“Why Cops Hate To Brag – And Why That’s An Issue”

By David Leibowitz

As a public relations and crisis communications professional who has spent the last dozen years representing cops and detention officers, here’s something I’ve learned firsthand.

Very few members of law enforcement like to boast.

I get it. Bragging seems distasteful for any number of reasons, including being given hell by our fellow officers, or simply not liking personal attention in an environment like policing, which is absolutely a team sport. With that said, sometimes police officers’ extreme reluctance to talk about the positive things they do works against them – especially in today’s anti-police media environment.

How does silence hurt the job? By creating a vacuum that others fill with negative stories about officers, departments and the profession generally. Put another way, if we refuse to detail with accuracy the good being done by law enforcement in communities across Arizona and the country, then the only news left is going to be bad news – the occasional rogue cop who does something wrong, or hyped-up allegations of brutality made by cop haters and anti-police political activists.

I often explain how the media works to people with a simple analogy: It’s a gas tank that’s essentially on “E” all the time. Every day, reporters have to fill up that tank with stories. Newspapers and news broadcasts love police stories because they’re easy to understand, they involve conflict and they hit with great emotion. So on a daily basis, there’s guaranteed to be police stories going out to the world. If no one suggests to a reporter, “Hey, you ought to cover how these cops spent time off-duty meeting with neighborhood leaders,” or “You know what’s cool, you should report on this officer who went back after a call to drop off toys for this family of kids,” then those stories will never get told. And instead we’ll be left with all the usual junk we hate about how cops are the devil.

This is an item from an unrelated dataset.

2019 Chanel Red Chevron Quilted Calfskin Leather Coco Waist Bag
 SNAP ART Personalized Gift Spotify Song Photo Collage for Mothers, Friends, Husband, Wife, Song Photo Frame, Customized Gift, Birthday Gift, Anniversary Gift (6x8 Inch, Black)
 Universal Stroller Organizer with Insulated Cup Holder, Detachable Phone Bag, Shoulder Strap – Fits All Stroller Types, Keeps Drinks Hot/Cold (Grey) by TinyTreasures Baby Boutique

I’m not saying every time an officer helps an old lady get to Walgreens, we should put out a press release. But when members of our squad or our colleagues on the frontlines do something above and beyond the call of duty, we should consider helping get them the recognition they deserve. We shouldn’t do it simply to stroke their egos (though praise is always nice). We should do it to help the public better understand what being a police officer is really like, and how the good apples represent the vast majority of cops.